In this piece, I make a case for why schools should lean into the hybrid and online course infrastructure that they have built during the pandemic. Hybrid and online courses and programs provide schools several advantages:

  1. Increased flexibility, for both long-term and short-term student circumstances
  2. Enhanced residential learning, by incorporating personalized course data, ongoing assessments, and richer media types
  3. Better returns on investments already made, through continued emergency preparedness and differentiated education offerings for price-conscious audiences

In response to a survey by Best Colleges, a majority of school administrators reported that they expected the need for online and hybrid classes to continue through 2022 and beyond.

Colleges and universities that moved away from the 200-person synchronous Zoom lecture in the Fall 2020 semester could do so because they had spent the summer developing their faculty’s online-teaching skills and providing instructional design and technology support. Online learning centers and teaching and learning offices created workshops for faculty on teaching effectively in an environment where students can’t ask clarifying questions mid-lecture. Whenever possible, faculty teamed up with instructional designers and technologists to build hybrid courses: parts of the course were available on-demand through the campus-wide learning management system (LMS), while others required participation in small group discussions or collaborative work in shared documents. 

Now that everyone in the United States is eligible for a COVID-19 vaccine starting May 1, we expect faculty and students to return to their campuses and classrooms. Some faculty have found technology-mediated, semi-synchronous adaptations of large, lecture-type classes so effective that they intend to maintain that model post-pandemic. Other faculty will likely return to the lecture halls where they conducted classes for decades before the pandemic.

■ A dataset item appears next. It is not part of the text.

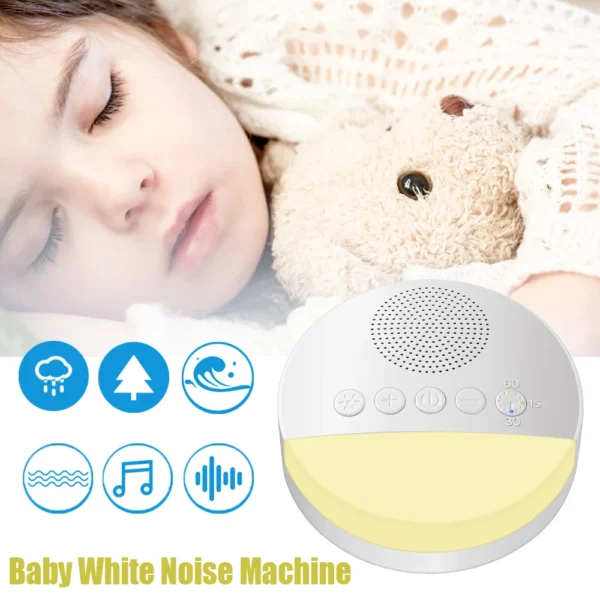 Portable Baby White Noise Machine USB Rechargeable Timed Shutdown Sleep Machine Baby Sleep Sound Player Night Light Noise Player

So, what will be the fate of all the hybrid courses that U.S. colleges and universities have spent so much time, energy, and creativity to build? 

Flexibility

Alleviate student attrition

In an ideal world, every student would be able to return to campus for the Fall 2021 semester. Sadly, the lives of many students look significantly different today than they did before March 2020. Some students have lost family members to the pandemic. Perhaps their family’s primary breadwinner is un- or underemployed, and the student must help out by working on the side. Returning to campus just might not be possible. Without an online option, these students might be forced to defer their education. The expertise that higher education institutions have built with online teaching and learning over the past year can help these students stay in school and on track to graduating with their intended degrees.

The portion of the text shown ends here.